After a well-publicized circus search, the Volunteers hired Alabama defensive coordinator Jeremy Pruitt on Thursday, per multiple VolQuest.com sources.

Sources say the contract is believed to around $4 million annually and Pruitt will be introduced later this afternoon in a formal press conference.

The renowned recruiter and savvy defensive assistant was pegged by new athletics director Phillip Fulmer to lead Tennessee’s turnaround, replacing Butch Jones, who was fired on Nov. 12.

Fulmer interviewed Pruitt on Monday in Dallas and then again Wednesday in New York. Pruitt, 43, has never been a head coach but served as the defensive coordinator on two championship staffs (Florida State in 2013, Alabama in 2016) and also engineered a pair of Top 16 defenses on a pair of 10-win teams at Georgia.
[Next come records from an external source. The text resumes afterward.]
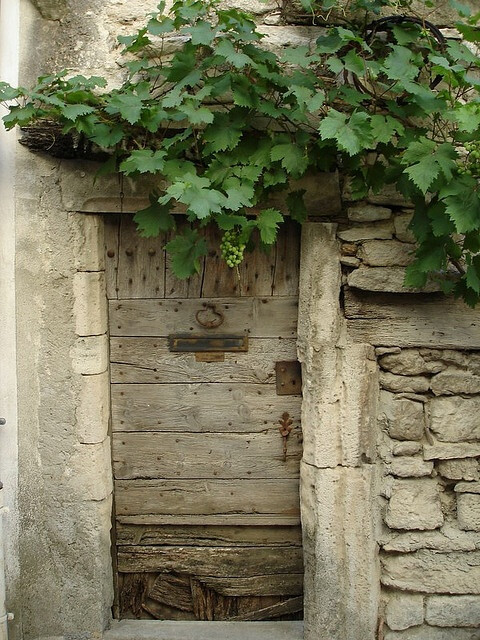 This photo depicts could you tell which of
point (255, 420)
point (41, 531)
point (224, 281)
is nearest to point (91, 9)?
point (224, 281)

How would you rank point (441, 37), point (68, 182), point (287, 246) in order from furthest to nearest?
point (287, 246) < point (68, 182) < point (441, 37)

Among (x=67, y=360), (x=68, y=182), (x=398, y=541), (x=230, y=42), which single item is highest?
(x=230, y=42)

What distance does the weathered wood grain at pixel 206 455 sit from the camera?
125 inches

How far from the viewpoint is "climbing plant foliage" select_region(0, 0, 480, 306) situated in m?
2.42

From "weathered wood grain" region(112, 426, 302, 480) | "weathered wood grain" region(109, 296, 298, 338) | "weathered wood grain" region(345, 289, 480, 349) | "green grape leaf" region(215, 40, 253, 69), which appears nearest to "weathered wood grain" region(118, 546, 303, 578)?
"weathered wood grain" region(112, 426, 302, 480)

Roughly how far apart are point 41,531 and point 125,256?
4.13ft

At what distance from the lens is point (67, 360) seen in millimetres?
2973

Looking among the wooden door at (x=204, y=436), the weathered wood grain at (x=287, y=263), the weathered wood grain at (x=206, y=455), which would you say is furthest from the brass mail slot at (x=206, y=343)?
the weathered wood grain at (x=206, y=455)

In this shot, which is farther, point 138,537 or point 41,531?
point 138,537

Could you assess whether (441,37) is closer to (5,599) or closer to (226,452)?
(226,452)

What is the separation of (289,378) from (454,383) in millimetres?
715

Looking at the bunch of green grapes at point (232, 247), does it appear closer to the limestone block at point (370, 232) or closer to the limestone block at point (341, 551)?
the limestone block at point (370, 232)

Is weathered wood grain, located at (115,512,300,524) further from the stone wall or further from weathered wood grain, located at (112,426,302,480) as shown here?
the stone wall

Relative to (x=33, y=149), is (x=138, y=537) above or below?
below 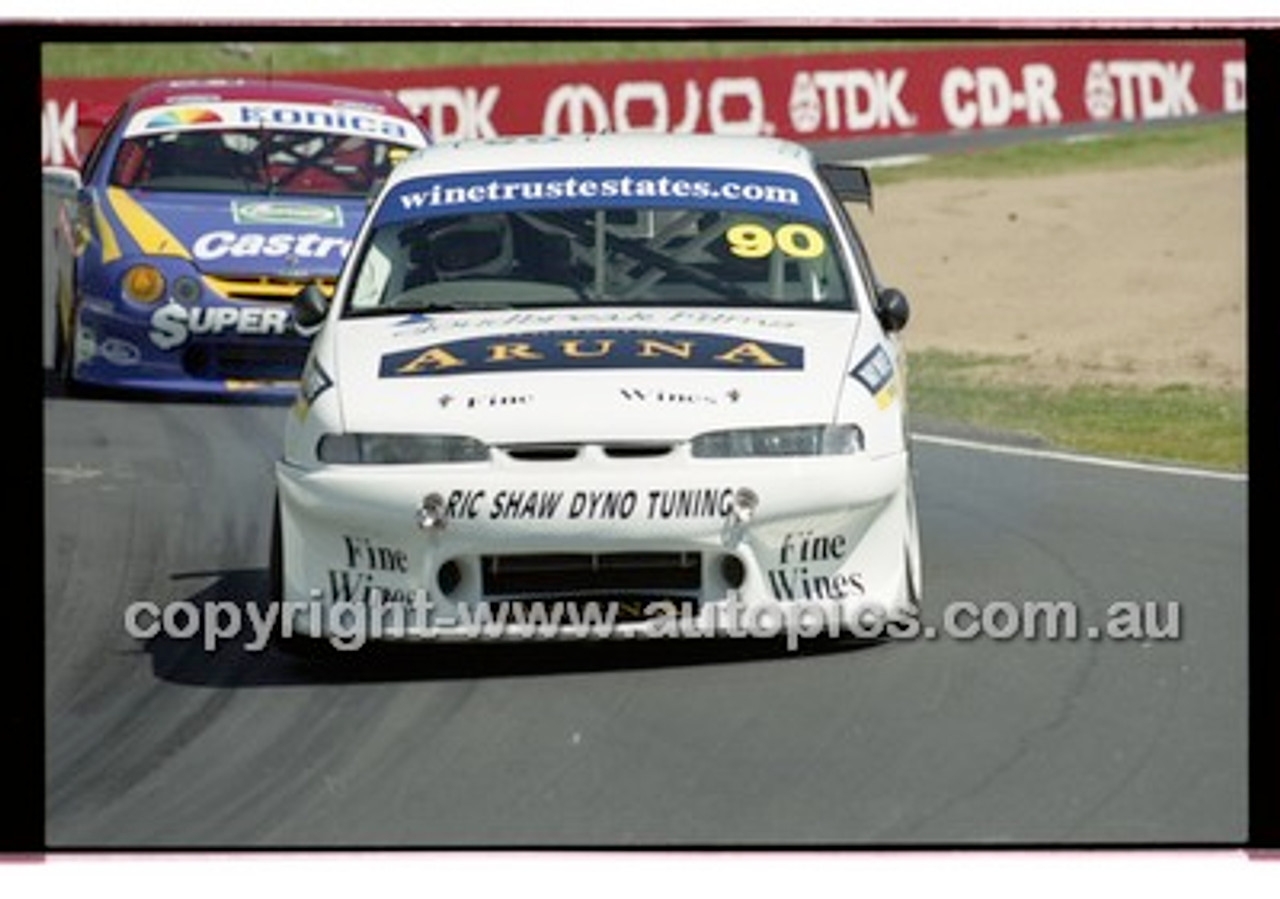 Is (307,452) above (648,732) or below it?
above

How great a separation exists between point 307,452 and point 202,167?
6235 mm

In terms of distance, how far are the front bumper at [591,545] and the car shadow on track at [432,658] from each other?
10.8 inches

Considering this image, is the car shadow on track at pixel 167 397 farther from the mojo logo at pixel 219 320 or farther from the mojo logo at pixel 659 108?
the mojo logo at pixel 659 108

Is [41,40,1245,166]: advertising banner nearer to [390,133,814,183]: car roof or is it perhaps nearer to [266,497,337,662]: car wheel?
[390,133,814,183]: car roof

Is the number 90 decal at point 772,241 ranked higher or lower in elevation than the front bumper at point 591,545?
higher

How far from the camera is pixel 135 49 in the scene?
33875 mm

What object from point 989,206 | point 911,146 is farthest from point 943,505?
point 911,146

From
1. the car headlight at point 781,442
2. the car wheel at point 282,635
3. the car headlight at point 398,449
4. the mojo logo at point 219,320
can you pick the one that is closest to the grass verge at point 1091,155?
the mojo logo at point 219,320

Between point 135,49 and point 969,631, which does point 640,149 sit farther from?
point 135,49

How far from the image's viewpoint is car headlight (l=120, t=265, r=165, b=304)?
14039 mm

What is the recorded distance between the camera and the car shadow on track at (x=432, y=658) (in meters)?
8.86

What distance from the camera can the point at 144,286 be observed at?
14.0 m

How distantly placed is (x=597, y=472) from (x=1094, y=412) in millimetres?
7642

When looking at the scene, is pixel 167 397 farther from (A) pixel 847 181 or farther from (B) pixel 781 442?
(B) pixel 781 442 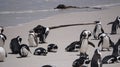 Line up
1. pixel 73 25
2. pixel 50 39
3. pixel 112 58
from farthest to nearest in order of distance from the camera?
pixel 73 25, pixel 50 39, pixel 112 58

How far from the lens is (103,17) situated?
22047 mm

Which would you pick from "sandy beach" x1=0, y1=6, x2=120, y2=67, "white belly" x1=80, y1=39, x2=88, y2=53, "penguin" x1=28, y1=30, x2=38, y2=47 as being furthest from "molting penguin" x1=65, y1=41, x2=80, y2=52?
"penguin" x1=28, y1=30, x2=38, y2=47

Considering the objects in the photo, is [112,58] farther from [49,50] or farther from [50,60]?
[49,50]

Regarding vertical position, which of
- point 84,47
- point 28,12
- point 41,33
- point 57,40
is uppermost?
point 28,12

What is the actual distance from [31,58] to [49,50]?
3.47 feet

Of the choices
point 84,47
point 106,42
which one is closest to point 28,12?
point 106,42

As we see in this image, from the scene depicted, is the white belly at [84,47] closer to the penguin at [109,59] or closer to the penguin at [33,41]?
the penguin at [109,59]

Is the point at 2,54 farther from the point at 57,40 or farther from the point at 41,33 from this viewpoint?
the point at 57,40

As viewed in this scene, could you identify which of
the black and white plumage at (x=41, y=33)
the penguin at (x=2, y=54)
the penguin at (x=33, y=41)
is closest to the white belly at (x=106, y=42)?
the penguin at (x=33, y=41)

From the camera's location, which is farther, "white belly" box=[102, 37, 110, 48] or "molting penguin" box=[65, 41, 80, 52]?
"molting penguin" box=[65, 41, 80, 52]

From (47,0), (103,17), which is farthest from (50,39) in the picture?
(47,0)

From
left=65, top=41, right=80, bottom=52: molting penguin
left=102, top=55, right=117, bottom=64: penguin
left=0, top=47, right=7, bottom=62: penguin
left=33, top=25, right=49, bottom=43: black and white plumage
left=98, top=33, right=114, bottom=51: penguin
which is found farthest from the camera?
left=33, top=25, right=49, bottom=43: black and white plumage

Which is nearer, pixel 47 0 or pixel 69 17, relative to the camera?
pixel 69 17

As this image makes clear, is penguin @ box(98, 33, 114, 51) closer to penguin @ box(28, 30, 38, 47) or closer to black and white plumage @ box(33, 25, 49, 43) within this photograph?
penguin @ box(28, 30, 38, 47) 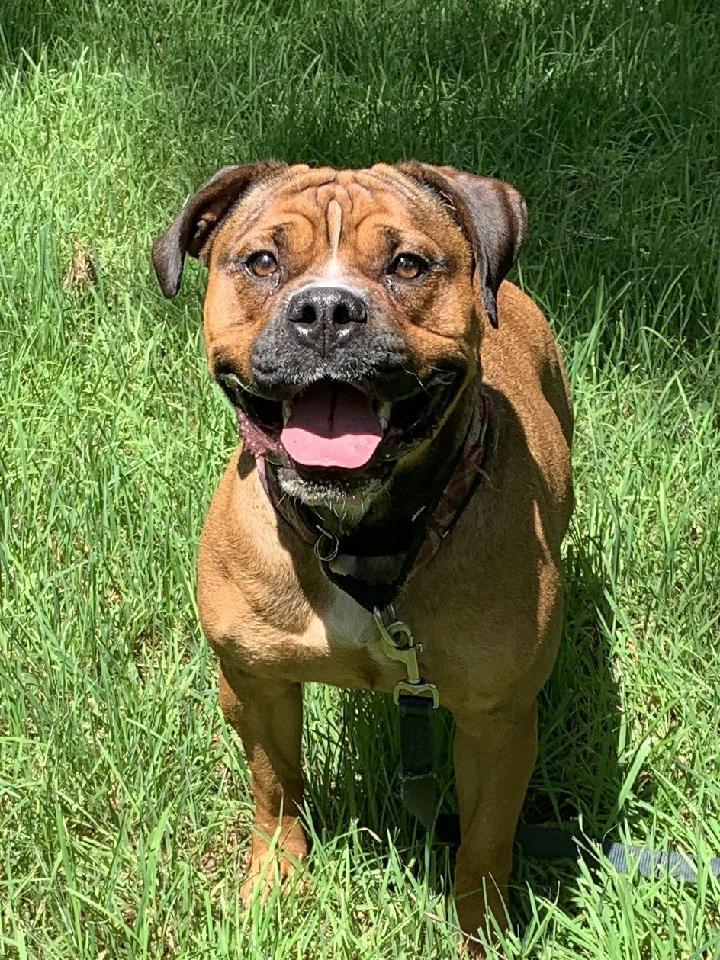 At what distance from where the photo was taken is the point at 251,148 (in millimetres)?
4898

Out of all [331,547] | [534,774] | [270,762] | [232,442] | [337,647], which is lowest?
[534,774]

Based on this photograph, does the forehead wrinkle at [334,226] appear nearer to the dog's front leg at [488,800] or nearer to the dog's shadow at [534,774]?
the dog's front leg at [488,800]

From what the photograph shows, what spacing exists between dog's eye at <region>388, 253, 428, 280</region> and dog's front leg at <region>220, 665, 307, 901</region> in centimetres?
95

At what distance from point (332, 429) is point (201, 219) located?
2.20 ft

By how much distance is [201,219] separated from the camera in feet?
9.02

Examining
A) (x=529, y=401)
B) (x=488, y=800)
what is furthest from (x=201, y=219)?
(x=488, y=800)

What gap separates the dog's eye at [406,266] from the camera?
249cm

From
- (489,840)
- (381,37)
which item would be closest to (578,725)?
(489,840)

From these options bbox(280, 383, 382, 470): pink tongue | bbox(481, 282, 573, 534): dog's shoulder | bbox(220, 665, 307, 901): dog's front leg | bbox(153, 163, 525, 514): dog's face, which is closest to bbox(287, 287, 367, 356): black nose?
bbox(153, 163, 525, 514): dog's face

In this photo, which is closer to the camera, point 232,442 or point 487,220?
point 487,220

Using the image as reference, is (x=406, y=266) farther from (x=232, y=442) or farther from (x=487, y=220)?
(x=232, y=442)

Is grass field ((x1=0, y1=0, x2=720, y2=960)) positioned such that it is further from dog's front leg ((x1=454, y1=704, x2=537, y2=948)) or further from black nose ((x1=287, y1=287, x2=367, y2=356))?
black nose ((x1=287, y1=287, x2=367, y2=356))

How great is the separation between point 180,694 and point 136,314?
1561 millimetres

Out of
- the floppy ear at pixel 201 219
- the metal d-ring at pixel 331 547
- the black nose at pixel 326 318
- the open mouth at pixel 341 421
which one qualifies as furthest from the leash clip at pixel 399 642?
the floppy ear at pixel 201 219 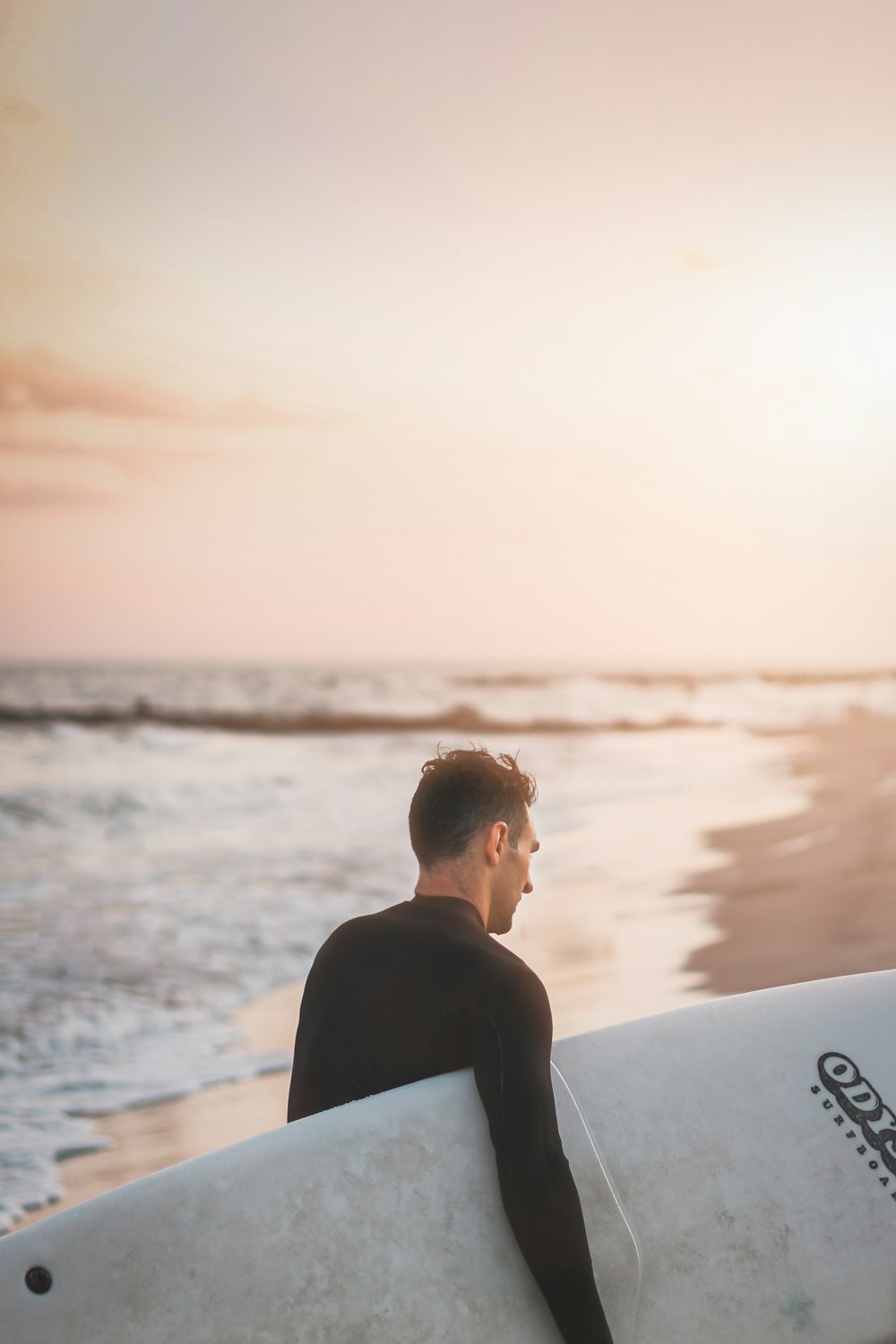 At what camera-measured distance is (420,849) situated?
1751mm

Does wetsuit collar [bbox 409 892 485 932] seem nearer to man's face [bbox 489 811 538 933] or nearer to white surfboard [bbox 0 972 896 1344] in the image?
man's face [bbox 489 811 538 933]

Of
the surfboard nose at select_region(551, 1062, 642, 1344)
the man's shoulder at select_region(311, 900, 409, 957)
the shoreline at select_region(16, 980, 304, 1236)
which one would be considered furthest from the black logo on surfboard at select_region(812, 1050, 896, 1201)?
the shoreline at select_region(16, 980, 304, 1236)

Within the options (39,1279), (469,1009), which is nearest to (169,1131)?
(39,1279)

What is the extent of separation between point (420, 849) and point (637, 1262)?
0.74 metres

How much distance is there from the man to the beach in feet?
5.63

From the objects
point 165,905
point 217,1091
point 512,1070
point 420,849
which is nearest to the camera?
point 512,1070

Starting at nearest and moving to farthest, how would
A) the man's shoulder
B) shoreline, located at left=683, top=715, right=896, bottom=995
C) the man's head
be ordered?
the man's shoulder
the man's head
shoreline, located at left=683, top=715, right=896, bottom=995

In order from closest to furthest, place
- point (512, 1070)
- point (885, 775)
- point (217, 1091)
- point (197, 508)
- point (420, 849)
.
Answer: point (512, 1070) → point (420, 849) → point (217, 1091) → point (885, 775) → point (197, 508)

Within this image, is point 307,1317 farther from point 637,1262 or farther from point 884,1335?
point 884,1335

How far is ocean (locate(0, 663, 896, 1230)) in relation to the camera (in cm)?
414

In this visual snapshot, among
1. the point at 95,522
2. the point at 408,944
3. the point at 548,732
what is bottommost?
the point at 548,732

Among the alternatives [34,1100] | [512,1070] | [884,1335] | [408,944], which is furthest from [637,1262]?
[34,1100]

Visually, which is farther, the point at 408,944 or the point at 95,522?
the point at 95,522

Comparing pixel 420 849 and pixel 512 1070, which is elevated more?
pixel 420 849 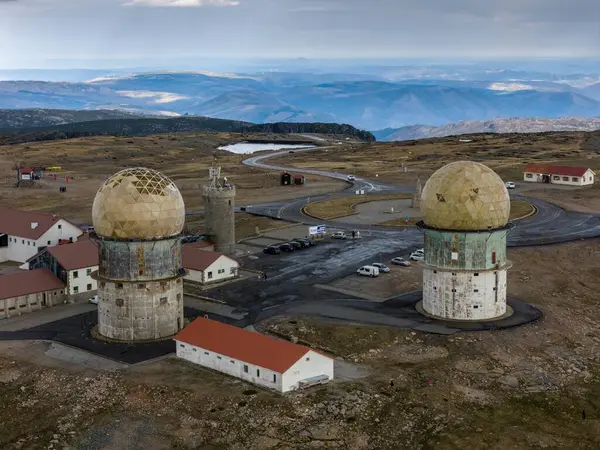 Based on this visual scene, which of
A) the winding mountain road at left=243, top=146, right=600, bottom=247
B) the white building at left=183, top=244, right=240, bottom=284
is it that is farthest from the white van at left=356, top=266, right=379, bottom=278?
the winding mountain road at left=243, top=146, right=600, bottom=247

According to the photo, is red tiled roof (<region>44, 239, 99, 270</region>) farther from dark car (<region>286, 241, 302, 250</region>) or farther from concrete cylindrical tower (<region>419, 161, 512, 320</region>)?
concrete cylindrical tower (<region>419, 161, 512, 320</region>)

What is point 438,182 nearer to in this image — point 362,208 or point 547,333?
point 547,333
He was a Broyles Award Finalist as the nation’s top assistant twice and started his player career in the Volunteer State at MTSU. Under Pruitt, Alabama ranked No. 1 nationally in scoring defense, No. 1 in yards per play and No. 2 in total defense in 2017. Like Kirby Smart two years ago, Pruitt is expected to juggle both roles — Vols head coach and Alabama DC — during the Tide’s playoff run.

The hire completes a bumpy rollercoaster search for Tennessee that saw former athletics director John Currie ousted and replaced by Fulmer last Friday. Tennessee’s administration has been under fire for the way the entire process has been handled, starting with the Greg Schiano fiasco on Nov. 25.

Exactly two weeks after firing Jones, Tennessee was set to hire a former Tampa Bay Buccaneers head coach — only it wasn’t Jon Gruden. Once word leaked that Ohio State defensive coordinator Greg Schiano had been tabbed for the job, an outcry from alumni, fans, former players and politicians ultimately squashed the deal.

Later, former Vols offensive coordinator David Cutcliffee rebuffed Tennessee’s advances and then Mike Gundy turned down a reported $42 million deal to stay at Oklahoma State. Currie also flirted with Purdue head coach Jeff Brohm and N.C. State's Dave Doeren and Washington State’s Mike Leach before being replaced by Fulmer.

In the last few days, Fulmer reached out to a number of potential coaches and interviewed several candidates, including Georgia defensive coordinator Mel Tucker, SMU head coach Chad Morris and Auburn defensive coordinator Kevin Steele.